A Soft Place to Land actually isn’t one of my actual book club’s selections this summer; I picked it out on a recent trip to Target before our trip abroad last month. I always take a few books with me on my travels, feeling ambitious that I will read as much as I can — despite the fact that I am traveling with young children who may have other activities in store for me. However, as they are getting easier to travel with as they age, my reading time is increasing.
I am intrigued by the book selections at Target, as well as at Costco, and always linger in the book sections for long periods of time when given the opportunity. On the odd occasion, I pick one up.
On that particular day, I picked up A Soft Place to Land (Simon & Schuster) by Susan Rebecca White. The copy on the back cover pulled my heartstrings, I guess. It’s about sisters. I have two. We love each other, but our relationship is at times bumpy. However, I’m not sure what I’d do without them. While I may have not realized how important they were to me while growing up, I certainly do now. While many relationships in my life come and go, they are the two people who love me no matter what, and vice versa.
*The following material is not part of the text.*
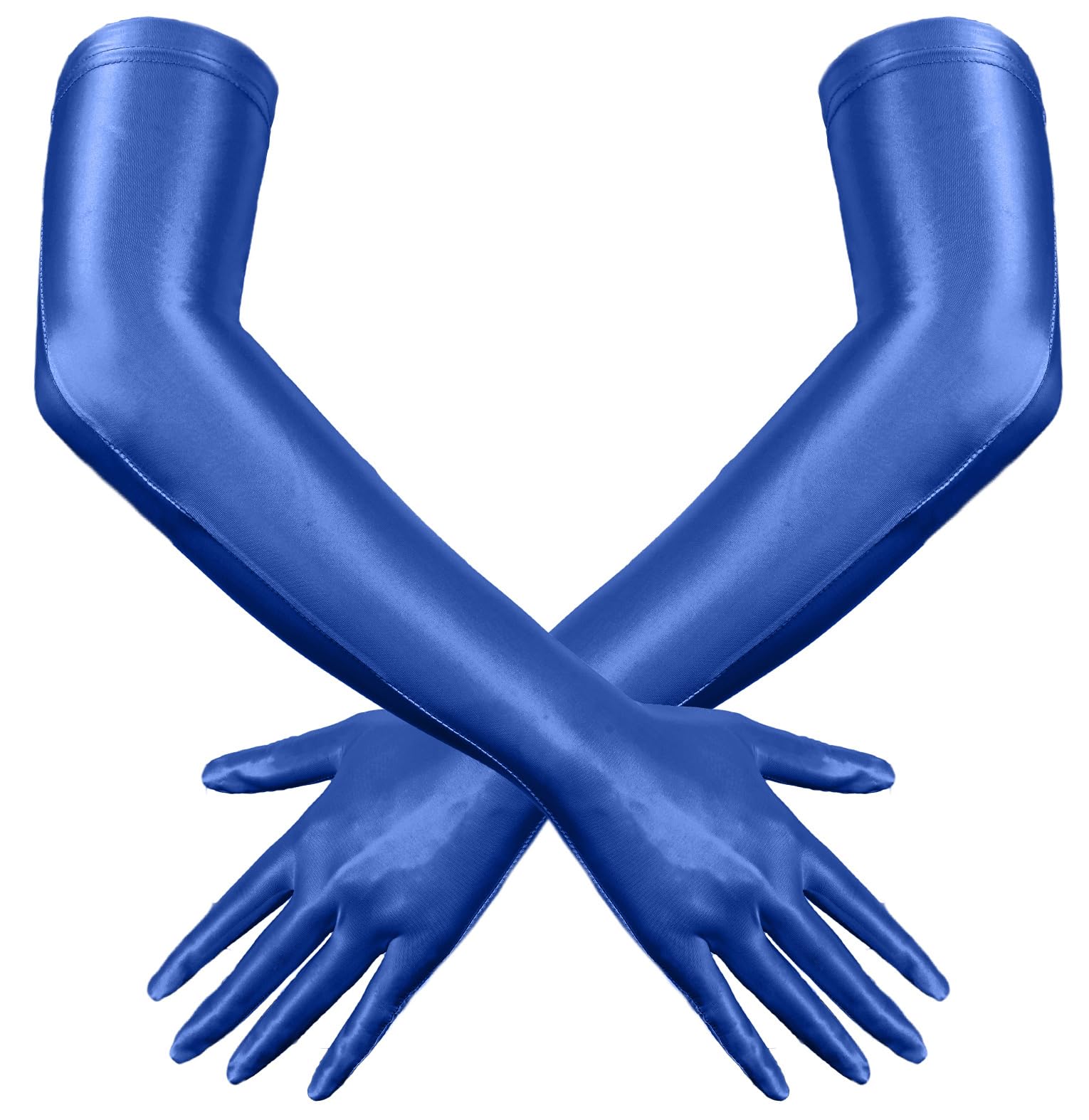 Women Shiny Metallic Spandex Gloves Adult Long Halloween Christmas Costume Shiny Holographic 21" Opera Finger Gloves Blue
The book takes place in Atlanta, at least part of it, which is where I was born and bred. I know all of its locations intimately and knew the book would resonate with me on many levels.
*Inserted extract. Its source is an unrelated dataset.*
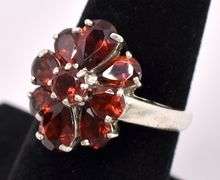 Red Garnet Ring In Sterling Silver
The story revolves around two half sisters, Ruthie and Julia, who live a very normal life in a big house with terrific, loving parents. Who would ever think that life could change in the blink of an eye?
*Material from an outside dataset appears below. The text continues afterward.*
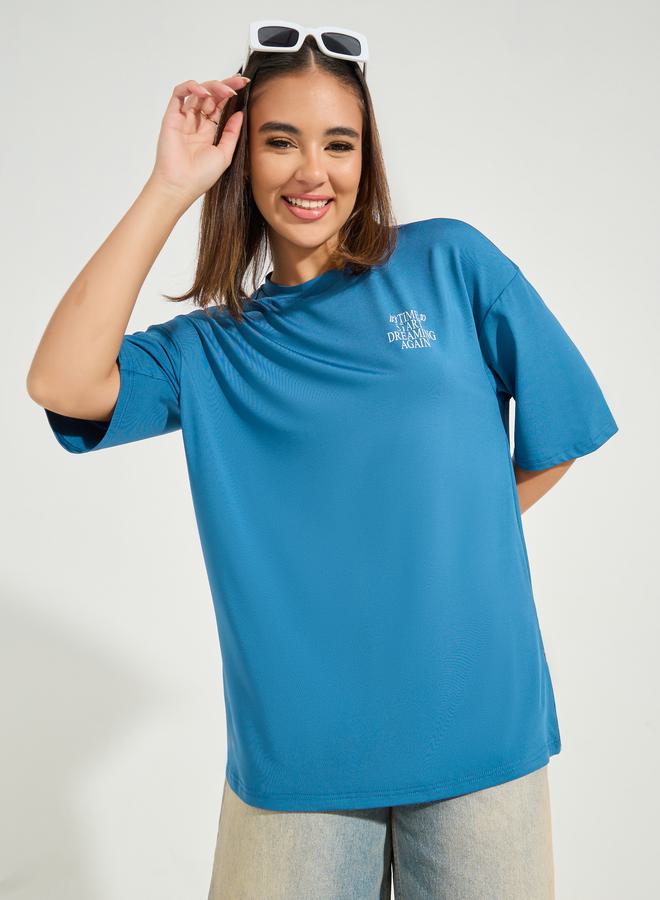 Styli Oversized Start Dreaming Slogan T-Shirt with Dropped Shoulder  - Image 2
When they are ages 13 and 17, their parents are killed in a plane accident while flying over the Grand Canyon. Despite their strong desire to stay together, they are separated by provisions in their parent’s will and are forced to live apart. Julia is sent to live in a small town in Virginia with her father and evil step-wife; Ruthie heads to San Francisco to live with her loving aunt and uncle.
The story is told through Ruthie’s point-of-view. At first, she is not sure how to live without Julia. They communicate mainly via snail mail and their phone calls are somehow met with disappointment and the become less and less frequent. When Julia is finally allowed to go to San Francisco, Ruthie disapproves of her once hip older sister. She doesn’t like the way she dresses in tie-die shirts and she doesn’t like her constant criticism of her lifestyle, which is more fortunate than her own. Julia’s departure is abrupt and it causes friction between the sisters that lasts for many years. When Julia later becomes an author, and reveals a secret about her sister in the book, the damage is irreparable.
But as Ruthie grows up, she never stops longing for her sister. As they grow more and more distant, Ruthie’s memories of her parents get fainter and fainter. When she falls in love with a guy who pulls her back to live in Atlanta, Ruthie reconnects with her past…and her sister.
A Soft Place to Land is a nice summer read. If you have siblings, it will probably make you re-evaluate your relationships, as well as any future provisions you’ve made for your own children if anything should happen to you. White brings in recent real events like 9/11 and the US Airways flight that nearly crashed into the Hudson last year which brings the story closer to home.